Page MenuHomePhabricator

Reduce Flow DB queries on Special:Contributions
Open, MediumPublic

Description

I looked through the 861 (!) SQL queries that are issued when I visit Special:Contributions/Catrope on my localhost (39 Flow lines out of 50 total), and found the following excessive queries:

  • 118 calls (3 per rendered row?) calls to SELECT * FROM flow_tree_revision JOIN flow_revision rev ON ((tree_rev_id = rev_id)) WHERE rev_type_id = 'X' AND rev_type = 'Y' ORDER BY rev_id DESC LIMIT 100 is called once for every rendered revision and for every current revision by RevisionStorage, called indirectly from AbstractQuery::loadMetadataBatch(). This query occurs 118 times on my localhost (probably 3 queries per rendered row?).
  • 85 calls to SELECT page_namespace,page_title,page_id,page_len,page_is_redirect,page_latest,page_content_model FROM page WHERE page_id = 'N' LIMIT 1, even many times for the same page. These calls come from $result->workflow->isDeleted() (which calls Title::newFromID()) in the loop in ContributionsQuery::getResults(). The problem appears to be that while there is an existence cache for titles by name, there isn't one by ID.
  • While formatting each row (RevisionFormatter::formatApi()), RevisionActionPermissions::isAllowed() is called. This results in several queries:
    • SELECT * FROM flow_tree_revision JOIN flow_revision rev ON ((tree_rev_id = rev_id)) WHERE rev_type_id = 'X' AND rev_type = 'Y' ORDER BY rev_id DESC LIMIT 100 from `RevisionActionPermissions::getRoot()
    • Sometimes that same query but with a different type_id is also called from CollectionCache::getLastRevisionFor(), but this doesn't happen for every row
    • SELECT * FROM flow_topic_list WHERE topic_id = 'X' LIMIT 1 from AbstractCollection::getBoardWorkflow()
    • SELECT page_namespace,page_title,page_id,page_len,page_is_redirect,page_latest,page_content_model FROM page WHERE page_id = 'N' LIMIT 1 from Workflow::isDeleted()
  • RevisionFormatter::buildActions() then proceeds to call Workflow::isDeleted() a bunch more times (indirectly, , resulting in another ~33 Title::newFromId() queries

More stuff happens after that that I didn't bother to narrate. In total, I saw 337 Title::newFromId queries, 266 RevisionStorage::findInternal queries and 187 BasicDbStorage::find (flow_topic_list) queries, accounting for 790 of the 861 queries on this page. In production, this isn't as much of a problem because of the indexes, but we're talking about getting rid of those. With proper batching and in-process caching, we should be able to eliminate hundreds of queries.

Event Timeline

Catrope raised the priority of this task from to Needs Triage.
Catrope updated the task description. (Show Details)
Catrope added subscribers: Catrope, matthiasmullie.
Restricted Application added subscribers: StudiesWorld, Aklapper. · View Herald Transcript

I think most of those queries are caused by Flow permission checks.

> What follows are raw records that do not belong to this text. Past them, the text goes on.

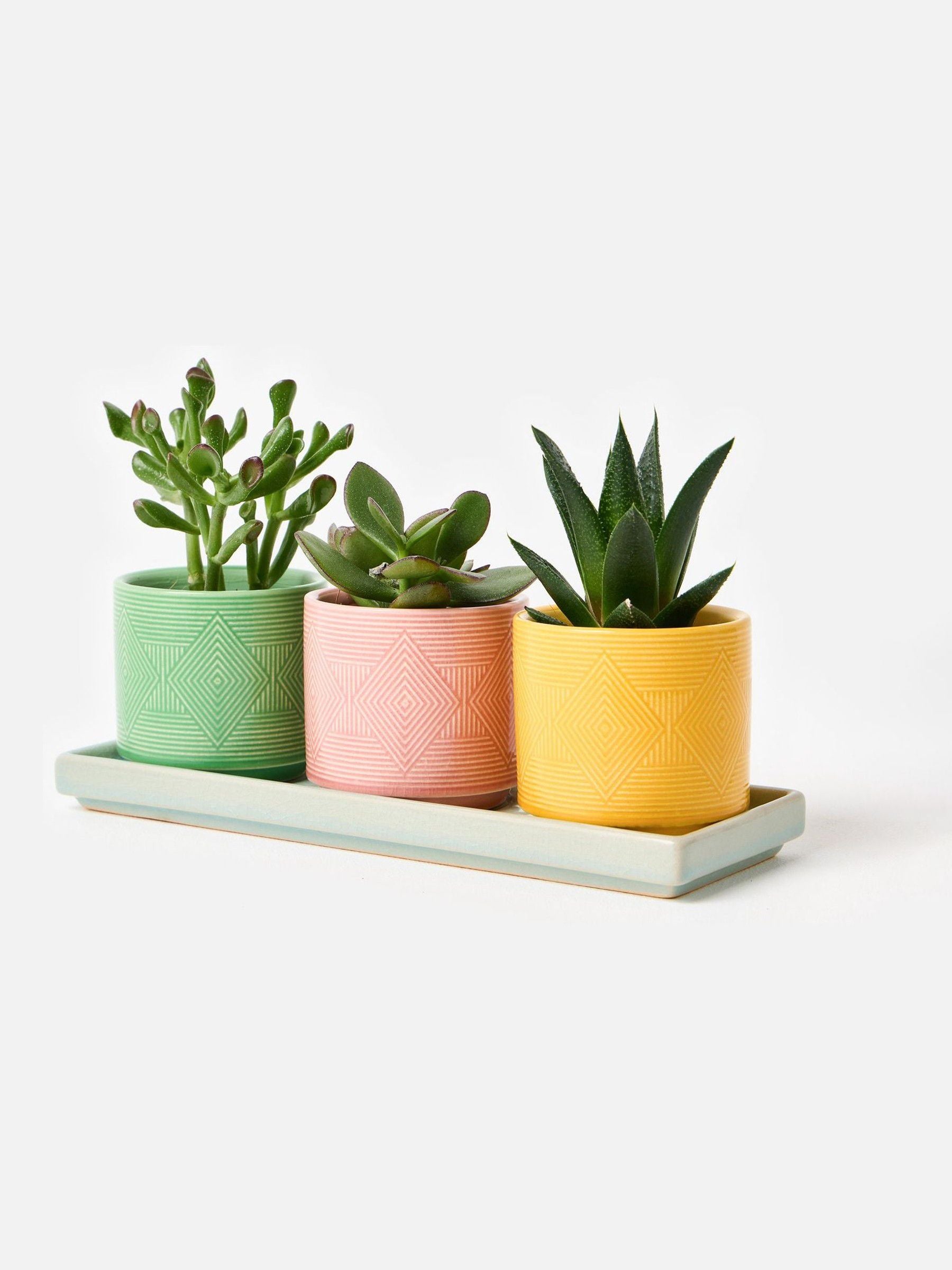 Oliver Bonas set of 3 ceramic plant pots 10cm, UK version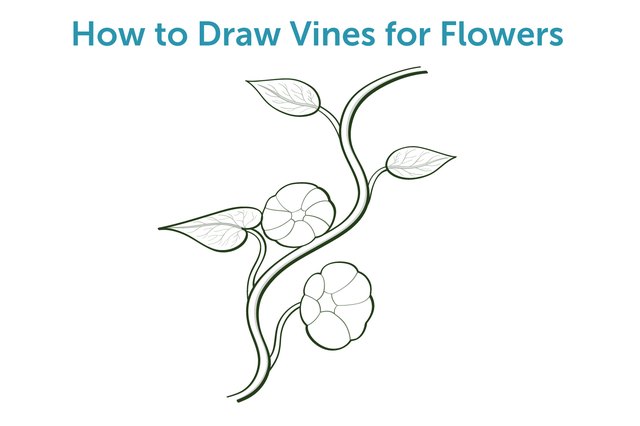 How to Draw Vines for Flowers | eHow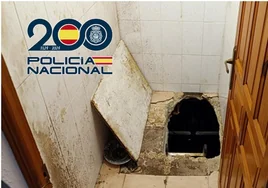 Más de 900 plantas de marihuana bajo el váter: el insólito escondite descubierto por la Policía en Valencia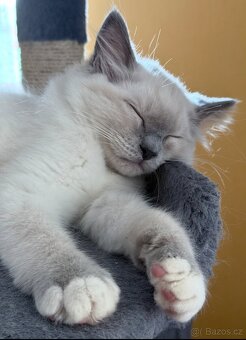 Ragdoll velmi nádnehné koťátko bez PP - 3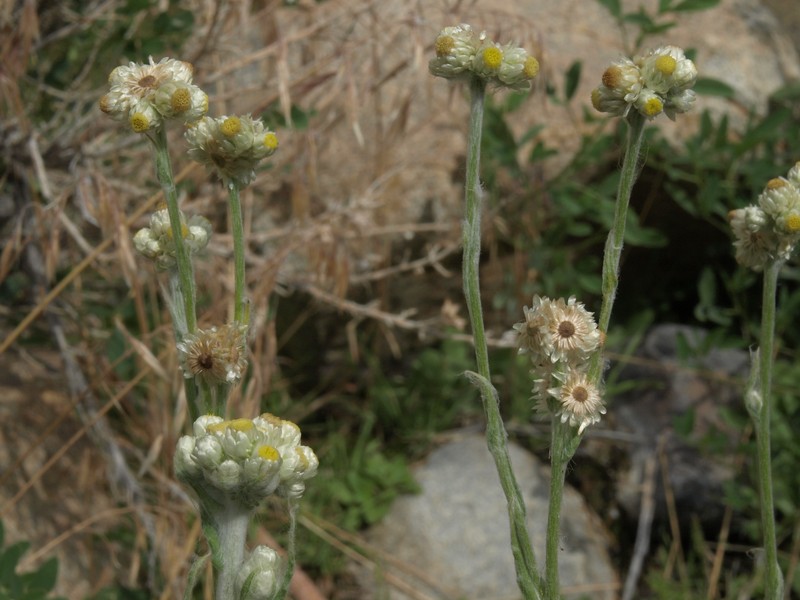 Cottonbatting Plant photo 4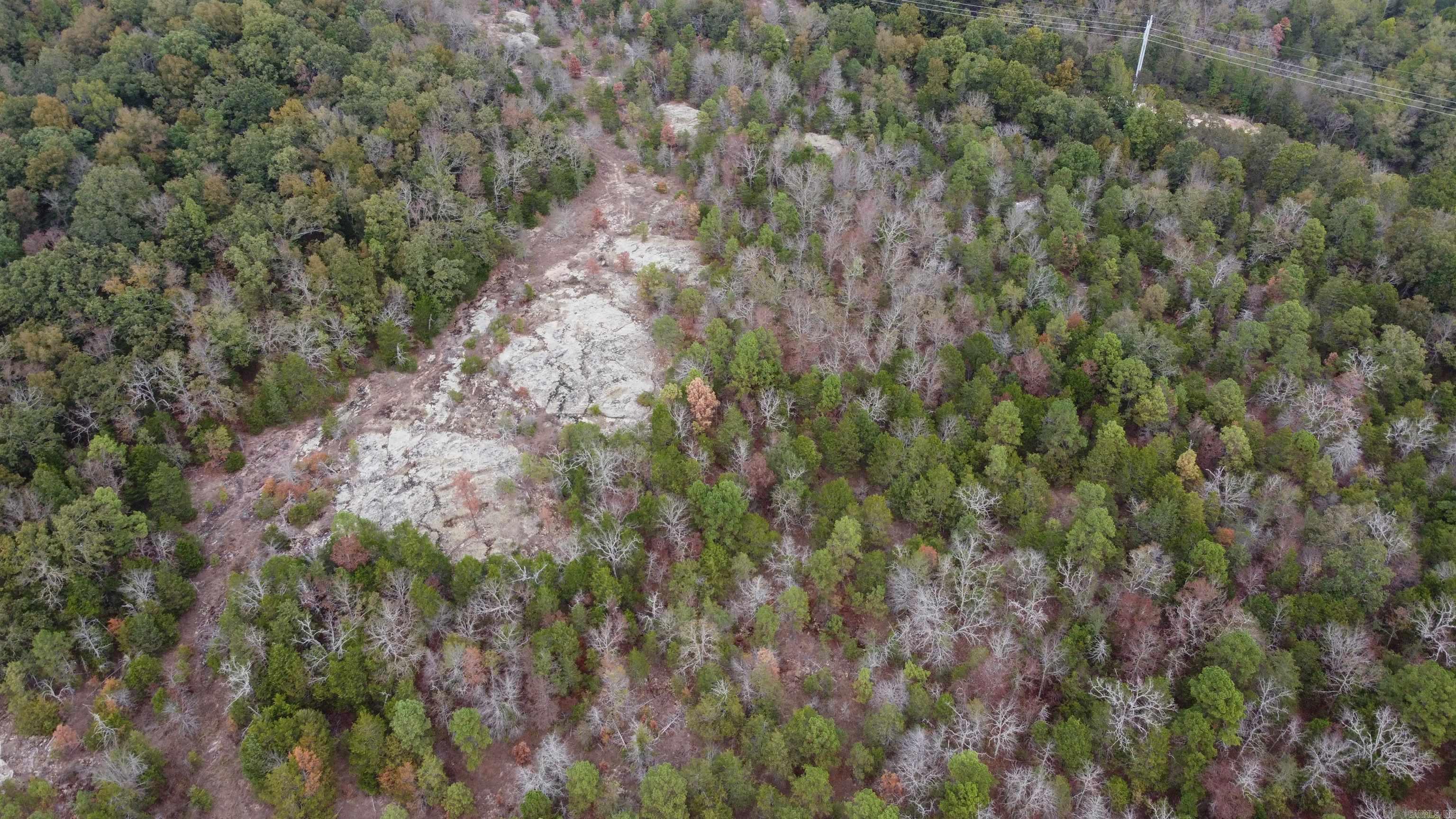 000 Old Dolph  Pineville, AR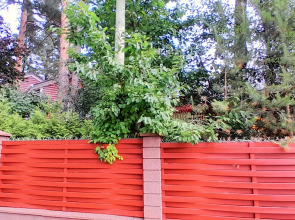 Гостевой дом Элитная дача у Финского залива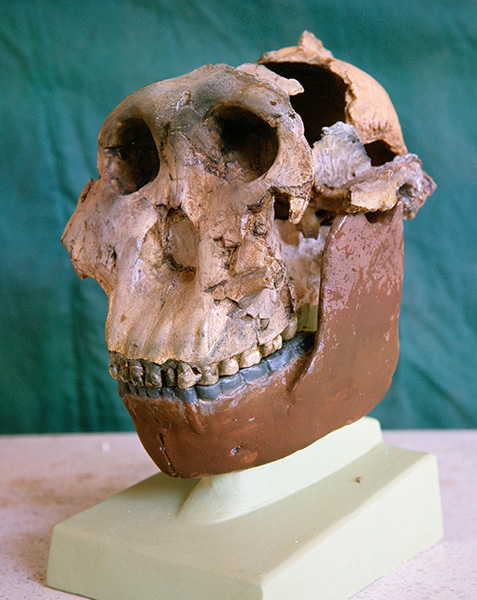 Australopithecus boisei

RevisionActionPermissions::isAllowed used to only check the given revision, and that was easily implemented.
Then we also had to check the previous revision. Never really refactored that, since it's usually already in memory anyway.
Then we also needed to start checking root revision. Then look if the page is deleted. ...

All of these are still somewhat manageable on regular pages, but adds up quickly when iterating over a lot of revisions (like contributions)

At some point, permissions will need to be properly refactored (so far, it's mostly been ignored because other permission-related drastic changes for RevDel & granular suppression are coming)

From my numbers it looks like we could fix almost half of this by caching the existence of page IDs (for the Title::newFromId( $id ) !== null check in isDeleted()), and prepopulating that cache with a single batch query. 337 of the 790 queries I saw were newFromId queries, so that should have a big impact.

But maybe I'm missing the forest for the trees and there are higher-level changes we would make that would let us check deleted-ness of workflows less often?

Agree with Matthias we should save bigger changes for when we go to implement the major permission changes.

The caching idea makes sense. Maybe core has something for this. I didn't see it at a quick glance, though (the main ones are oriented around title->exists caching). If not, easy to implement in Flow.

Catrope triaged this task as High priority.Dec 19 2015, 1:33 AM
Catrope lowered the priority of this task from High to Medium.